The death of Ophelia
Eugène Delacroix·1838
Historical Context
The Death of Ophelia from 1838 at the Bavarian State Painting Collections shows Delacroix's deep engagement with Shakespeare, whose works provided subjects throughout his career and whom he considered the greatest dramatic genius of all time. Ophelia's madness and drowning — her garlands of flowers, her singing, her final submersion while the brook bore her up — embodied the Romantic fascination with beauty, insanity, and death in a subject of extraordinary poetic richness. Delacroix's reading of Shakespeare was the most profound of any French artist, and his Ophelia treatments returned repeatedly to the theme of a woman destroyed by the incapacity of the men around her to recognize her reality. As the leading French Romantic painter, his journal records his constant study of color relationships and his admiration for Rubens, Constable, and Veronese alongside Shakespeare. The Bavarian State Painting Collections in Munich hold this as an important example of Delacroix's Shakespearean subjects in German public collections.
Technical Analysis
The figure of Ophelia is rendered amid water and flowers with rich color and dramatic handling. Delacroix's palette creates an atmosphere of tragic beauty appropriate to Shakespeare's heroine.
Look Closer
- ◆Delacroix's Ophelia floats not yet fully submerged, flowers still in her hair and hands — the text's specific detail of her garland-wreathed drowning preserved.

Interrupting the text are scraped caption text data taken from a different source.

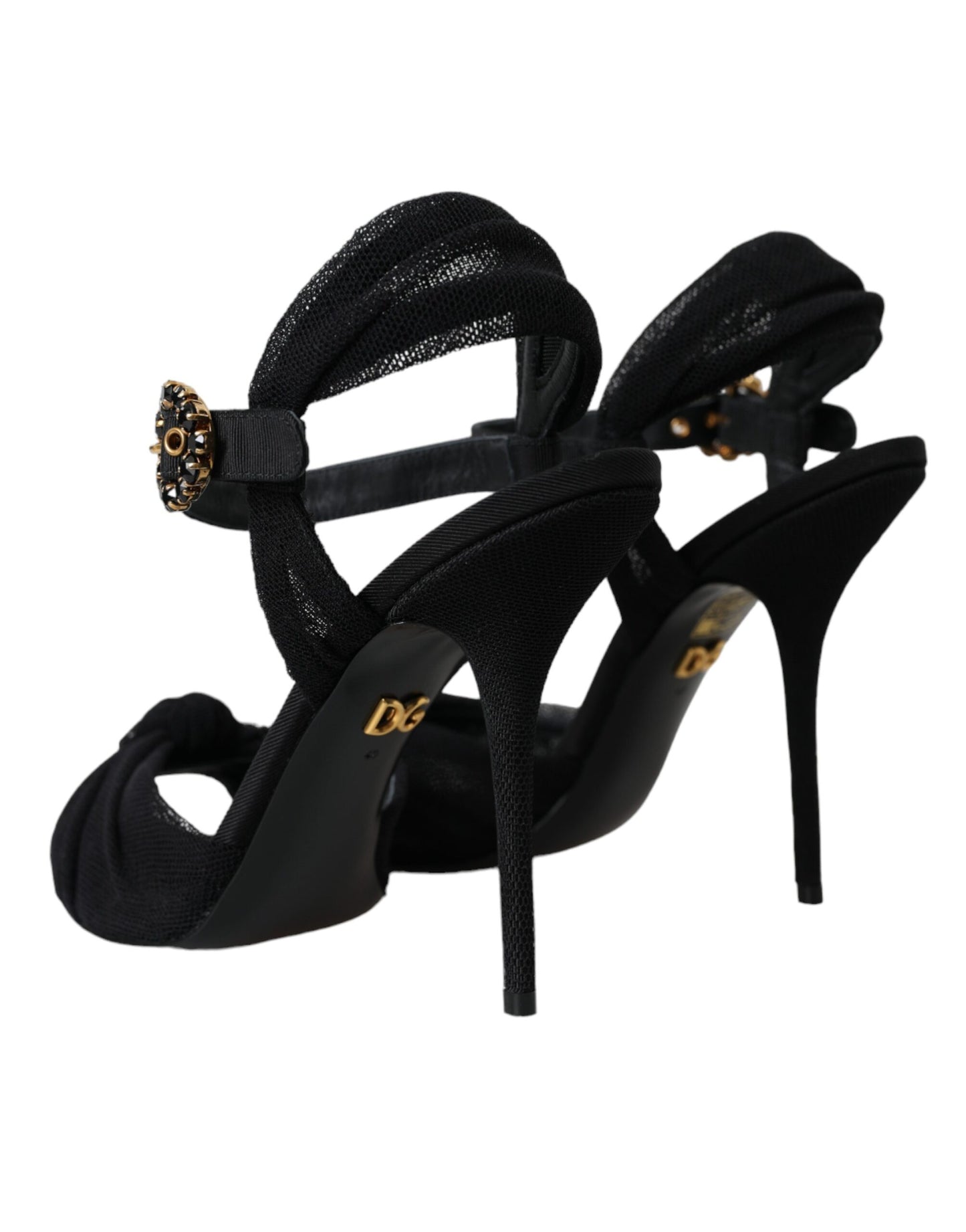 Black Suede Crystals Keira Sandals Shoes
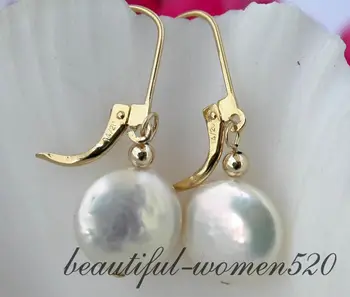 

Z2091 nature 13mm coin white freshwater pearl dangle earrings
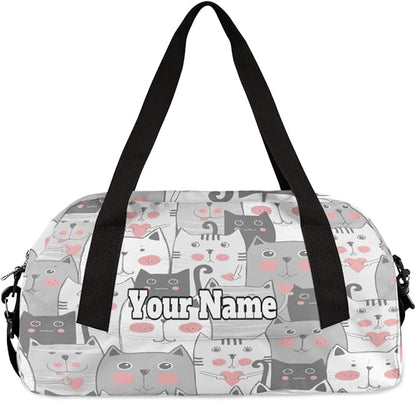 Custom Your Name Lovely Grey Cats Heart Personalized Text Gym Duffle Bag for Kids,Sports Bag for Teens Boys & Girls Small Waterproof Overnight Weekender Carry Practice Travel Bag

- ◆The water around Ophelia is painted with broken, agitated brushwork — even the gentle stream given Delacroix's characteristic sense of continuous movement.
- ◆The willow tree hangs its branches in the water — the specific Shakespearean detail of the 'envious sliver' that broke and cast her to the brook.
- ◆The flowers she carries are distinguishable species — rosemary, pansies, fennel, columbines — painted with enough botanical specificity to identify.